I am a Christmas junkie.  It may be possible that I can even get a little ridiculous sometimes.  However, I do follow all of the rules!  I never utter the word 'Christmas' until the day after Thanksgiving.  I promptly take down all of my decorations no later than January 1st.  

However, between Black Friday and New Years Eve- I allow myself to indulge in decorating, writing Christmas cards, drinking eggnog and peppermint mochas, and listening to Christmas music.  Constantly.  Yes, for a complete 33 days my radio plays nothing but yule tide carols being sung by a choir.


Now these Christmas carols have been played over and over for generation upon generation.  The same 50 songs have been remade and re-recorded by every artist known.  Every pop star seems to be required to make their own version of a Christmas album with traditional songs that hit every possible  musical note  and ad libs that one can dream up.  And though each has a slight variation, they all cling to an idea.


As everyone, I have my favorites.   


However, there is one song that can literally bring me to tears every time I hear it.  Tears of joy when performed properly.  Tears of pain when it is butchered by a well-intended lady singing in church on Christmas Eve.  


Every Christmas Eve we attend the mandatory church service.  (Mandatory in my own head.) We listen as  we clutch our candles and try to follow along in the hymnal.  Soon, candle wax drips past our knuckles.  It hurts, I won't lie, but we press on.

Then suddenly, the clouds part and they begin to sing Oh Holy Night.  (people- not the clouds)  Everyone stops and listens.  Moved into an abyss, we no longer feel the pain of hot wax.  

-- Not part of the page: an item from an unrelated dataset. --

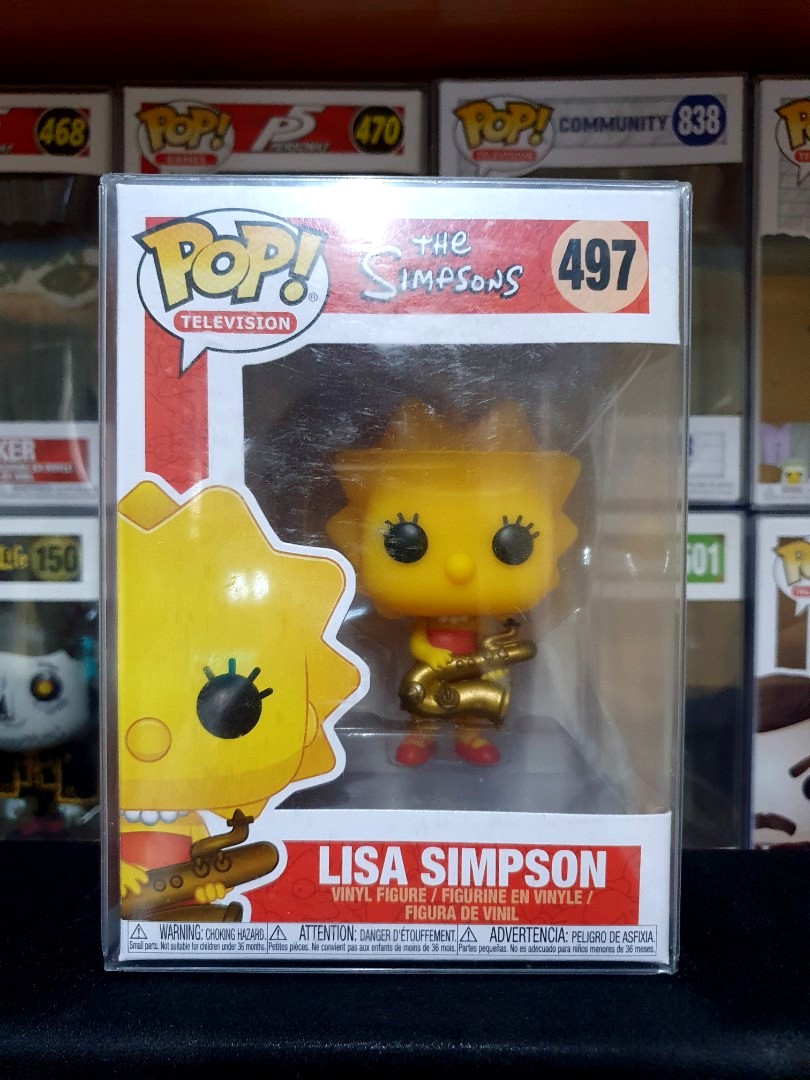 lisa simpson funko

Next time you hear this song- I ask you to really listen to every note.  Hopefully you'll hit one of the good versions.  Whomever wrote this song was a musical genius.   A genius I say!  They had the power to truly capture the moment.  When I listen to the song, I actually feel the power of the night that the Savior was born.  I'm there.  What talent to have captured that.


Another stroke of genius is The Trans-Siberian Orchestra.  If you've never been to one of their concerts- I would highly recommend it.  And I don't recommend a lot of things.  Okay, that's a lie.  But there is something incredible about this musical revelation.  What they have done to our traditional sounds of Christmas has carried them to the 21st century on a 737 vice a camel.  Incredible.

Finally, there is just one other song that holds that kind of power.  It is our National Anthem.  Francis Scott Key was so eloquently able to echo his undying love for his country in the simple words and music that compose the most important song to Americans.  In it, I can actually feel his pride and patriotism.  I get goosebumps.  And I am moved.  I suddenly want to drive a tank, jump out of a plane, and fly Old Glory from the highest mountain.  In that order.


Art continues to amaze me. The perfect story.  The perfect song.  A captivating painting or photo.  A sculpture.  It can change people.  It can move mountains.  It can be passed on for generations and not to lose- but only improve it's meaning and power to all that will listen with an open heart.
 

What part of art captivates you?  In what way does it do that?